§ **PROBLEM**: Find the line that contains "#Repost @grannenpub with @get_repost" in the entries below. Write out that line and all that follow it, unchanged and alone.

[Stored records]

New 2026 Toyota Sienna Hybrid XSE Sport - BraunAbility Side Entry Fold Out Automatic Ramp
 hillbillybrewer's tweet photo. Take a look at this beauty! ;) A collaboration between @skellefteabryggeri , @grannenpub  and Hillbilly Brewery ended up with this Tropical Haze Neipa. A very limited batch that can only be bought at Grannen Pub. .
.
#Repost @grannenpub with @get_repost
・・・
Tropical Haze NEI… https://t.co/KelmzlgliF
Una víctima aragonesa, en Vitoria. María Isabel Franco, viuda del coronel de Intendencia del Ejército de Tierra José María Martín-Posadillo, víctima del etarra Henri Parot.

§ **SOLUTION TO THIS PROBLEM**:
#Repost @grannenpub with @get_repost
・・・
Tropical Haze NEI… https://t.co/KelmzlgliF
Una víctima aragonesa, en Vitoria. María Isabel Franco, viuda del coronel de Intendencia del Ejército de Tierra José María Martín-Posadillo, víctima del etarra Henri Parot.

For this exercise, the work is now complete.